As high school progressed and we became busier, boba trips were the one of the few times where I would see some of my friends. After weeks or months of radio silence, one would text another, “Want to get PMT sometime?” Then, the silence was broken, a friendship was rekindled, and we were launched back into middle school. No longer were we separated by SAT scores, AP homework or college applications, but connected by boba. 

I miss the boba runs, the shared laughs and all that boba symbolized to me. In attempts to postpone the looming threat of adulthood and bridge the typical adolescent disconnect with family, I find myself texting my brother, “Do you want anything?” if I’m in a boba shop, or stuttering out, “Can we get boba?” to my dad every now and then. Now, boba is my imperfect solution to the growing apart caused by growing up.

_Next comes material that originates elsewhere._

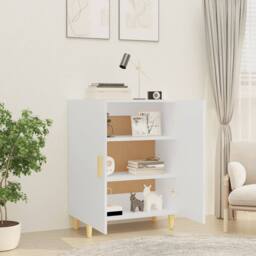 Berkfield Home Sideboard White 70x34x90 cm Engineered Wood - Size: 70 x 34 x 90 cm - thumbnail 6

As college application season intensifies, I am often found huddled in a boba store, listening to JJ Lin and furiously typing my college applications or scrolling through memes. My boba tastes have expanded to mango green teas and bitter oolongs, but sometimes, I order a PMT out of nostalgia; I stab my straw through the plastic film lid and sip. Some days, it tastes just how it did when I was young. 

 I joke with my friends, “people might give up on you, but boba will never leave.” In some ways, I guess it’s true. I may fear growing up and all the uncertainty it entails, but I will always know one thing: a sip of boba always throws me back into my childhood days, when it was just PMT, my dad and me.